◆ INFORMATION:
· · ·

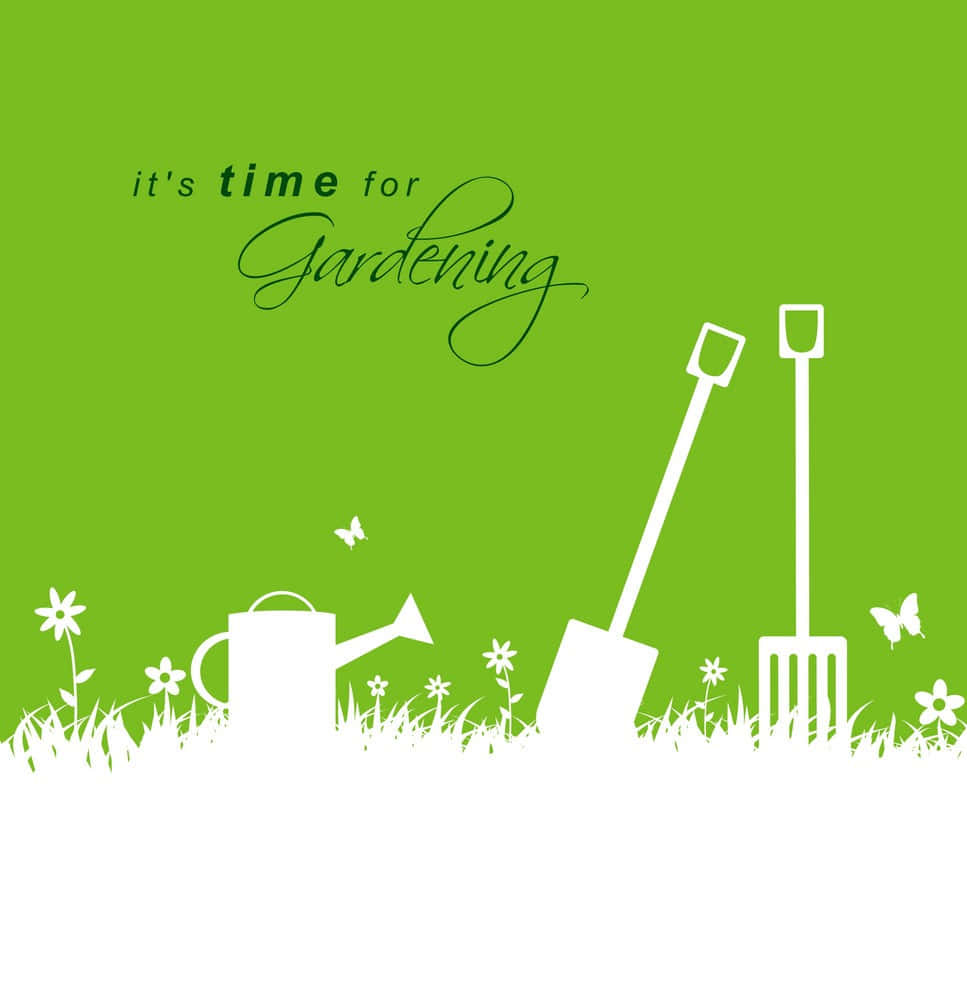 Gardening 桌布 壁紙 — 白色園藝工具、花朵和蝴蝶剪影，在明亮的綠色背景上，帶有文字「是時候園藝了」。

· · ·

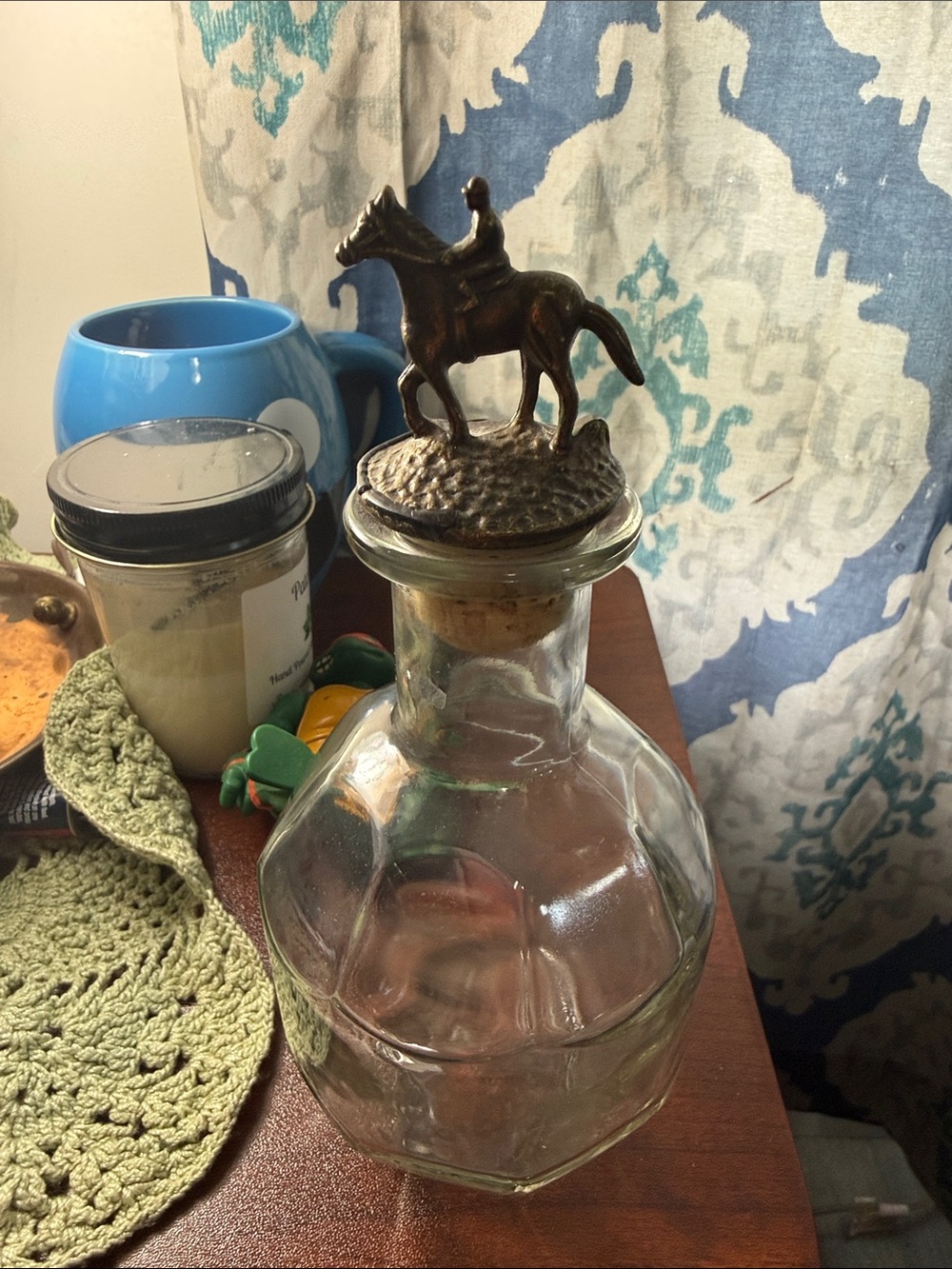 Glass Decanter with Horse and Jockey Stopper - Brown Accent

· · ·

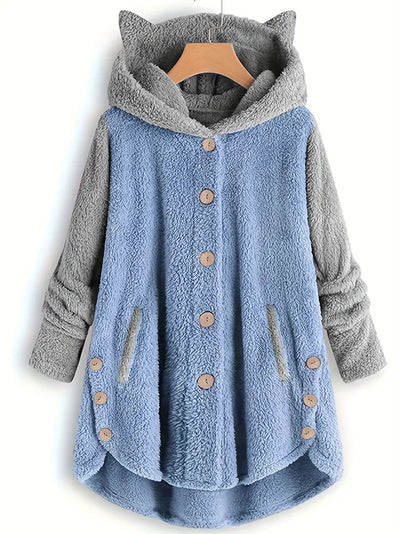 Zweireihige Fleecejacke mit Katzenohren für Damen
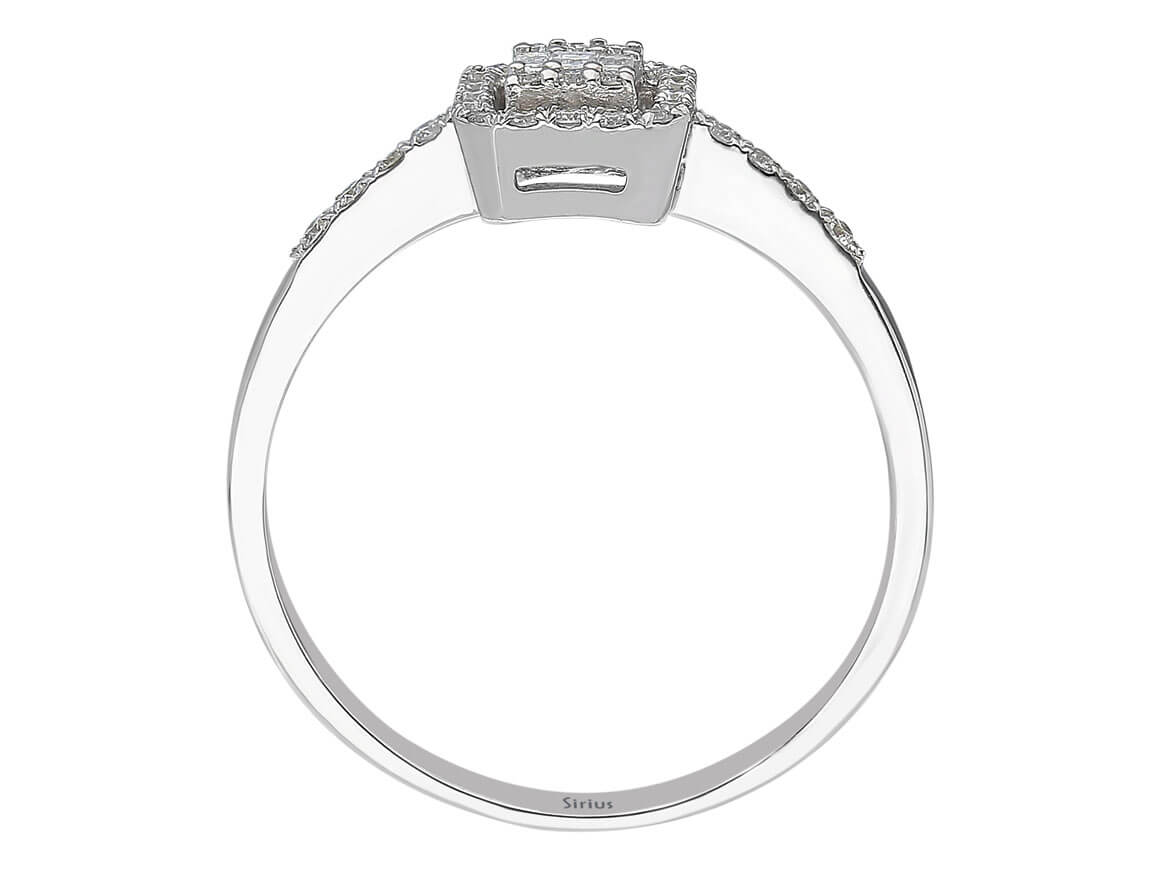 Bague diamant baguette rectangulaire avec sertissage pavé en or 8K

· · ·

◆ ABOUT THIS TASK: Above this task is a listing with pictures in it. Retype only the lines from the one containing "Zweireihige Fleecejacke mit" through the one containing "Bague diamant baguette", both included, and not the pictures.

◆ COMPLETED EXERCISE:
 Zweireihige Fleecejacke mit Katzenohren für Damen
 Bague diamant baguette rectangulaire avec sertissage pavé en or 8K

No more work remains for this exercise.